Posted on 09/14/2018 9:41:53 AM PDT by Robert A Cook PE
From a writer at WattsUpWithThat:
National Data Buoy Center shows Florence passing over Johnny Mercer Pier, station JMPN7. The surface anemometer height for that station is 15 meters above sea level. Winds speeds recorded show the eyewall and eye passing directly the station. Maximum sustained winds on the leading edge of the storm were 52 knots at 5.36 AM, followed by the eye with (its typically) low winds at 7am, followed by the trailing eyewall winds of 56 knots at 8am. https://www.ndbc.noaa.gov/station_page.php?station=jmpn7
Several NDBC stations in the region, both on the shore and offshore, confirm that Florence never produced sustained winds reaching hurricane threshold, which is 64 knots.

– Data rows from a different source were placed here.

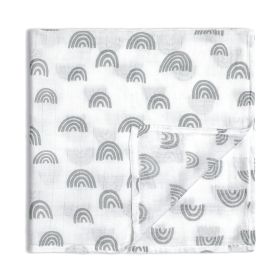 Saliva Towel Baby Pure Cotton Small Handkerchief Baby Washing Face Square (Option: Gray Rainbow)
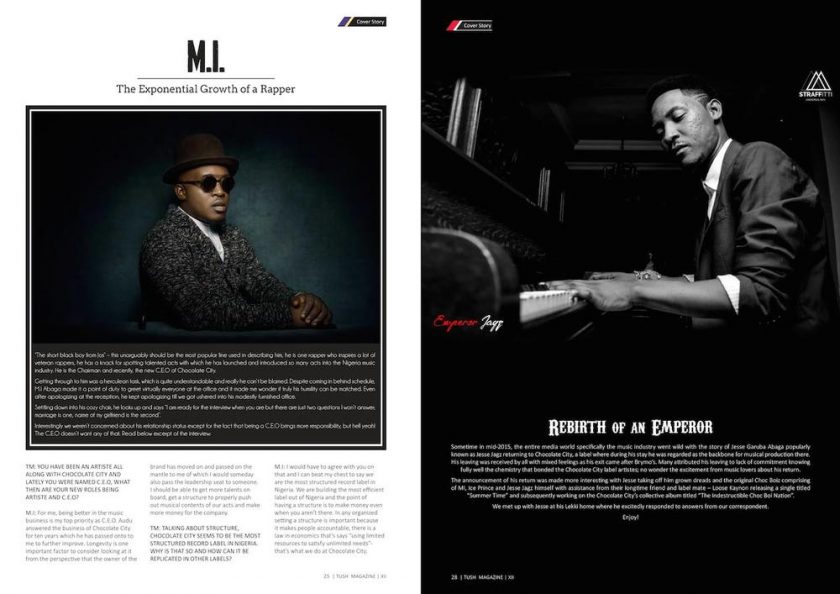 M.I and Jesse Jags Cover 12th Edition of Tush Magazine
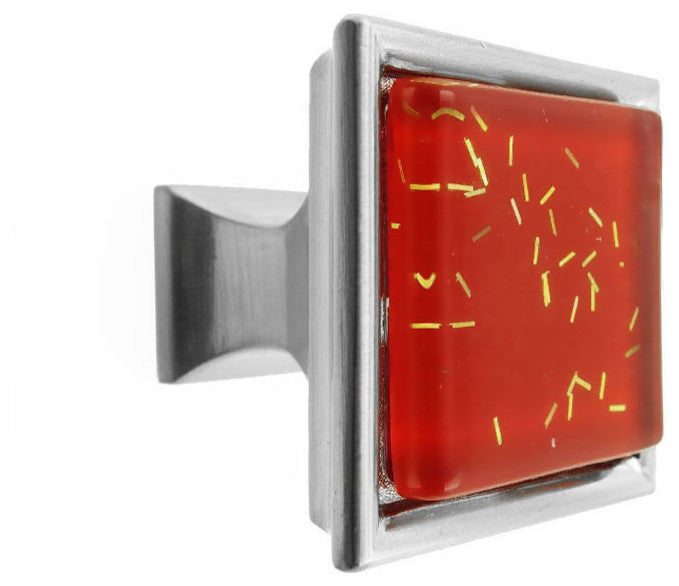 Red Iridescent Comet Crystal Glass Brushed Nickel Madison Classic Knob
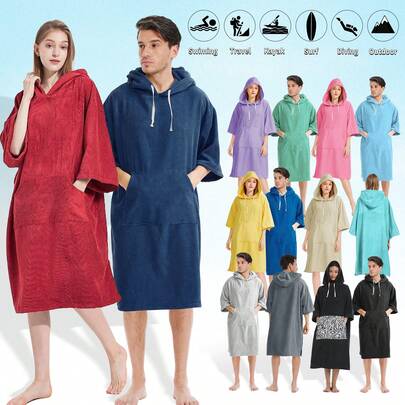 1 Piece Surf Poncho Changing Robe With Hood,Wearable Beach Towel, Quick Dry Microfiber Wetsuit Changing Towel With Pocket For Surfing Men Women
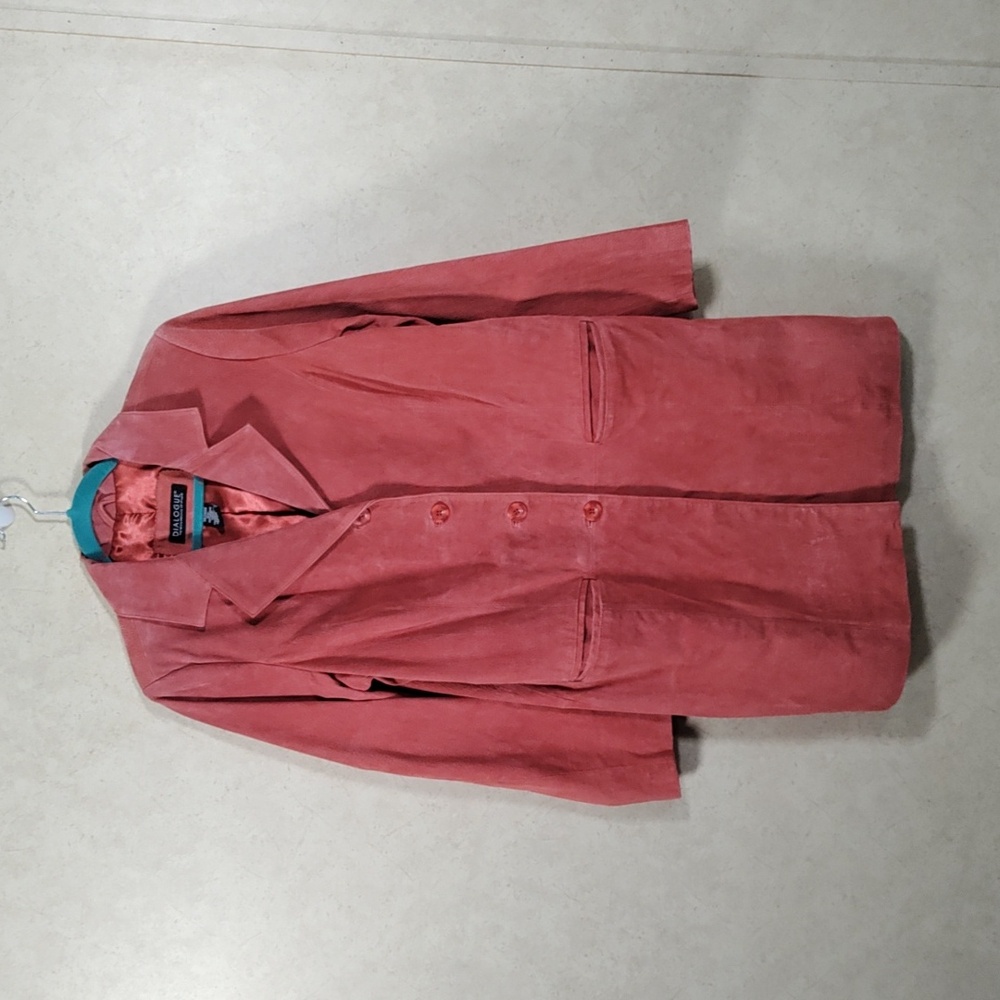7L01 Dialogue rust suede leather button front pant coat M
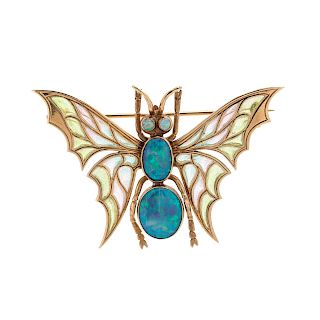 Opal and Plique-a -Jour Enamel Butterfly Brooch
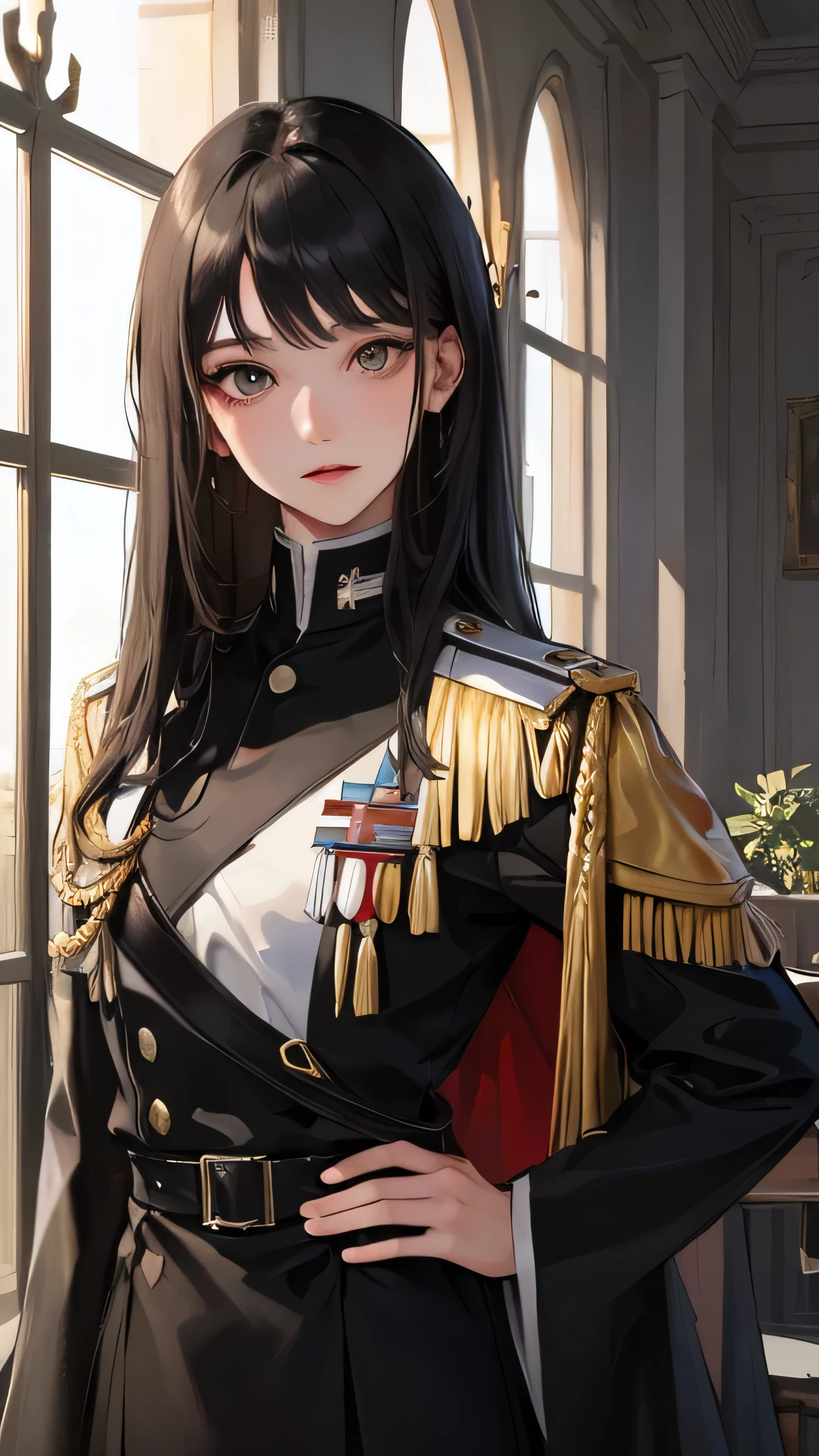 (highest resolution, distinct_image) best quality, woman, masterpiece, high detail, semi-realistic, short black hair, black hair, bangs, 21 years old, shoulder-length hair, mature, young, black clothes, black uniform, military academy beauty heroic heroic posture interior background exquisite and exquisite facial features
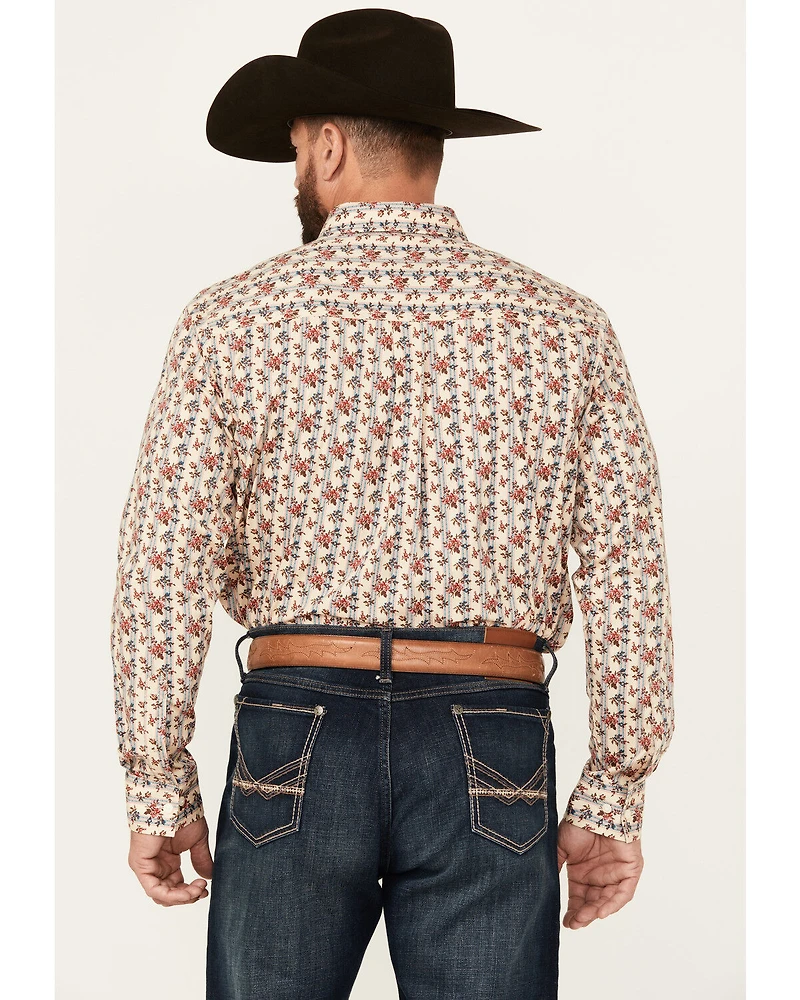 Cody James Men's Kenton Floral Striped Long Sleeve Button-Down Stretch Western Shirt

Recorded winds using anemometers at 10 meters above the local site are part of the definition of the Saffir-Simpson scale. Actual heights of anemometers may be at different heights above the surface, with higher instruments showing higher winds. For example, the offshore NDBC station 41037 at Wrightsville Beach records maximum sustained winds of 50 knots with anemometer height of 3 meters.\ The Cape Lookout station CLKN7 anemometer height is 16 meters, and is located well to the North of the storm center on a dune that seems to produce a Bernoulli effect for winds originating offshore. That anemometer shows sustained winds reaching 71 knots. But the nearby station BFTN7 at Beaufort, NC showing only 51 knots hours later. All other surface stations are recording sustained winds in the 50 knot range, with only the Cape Lookout station as an outlier.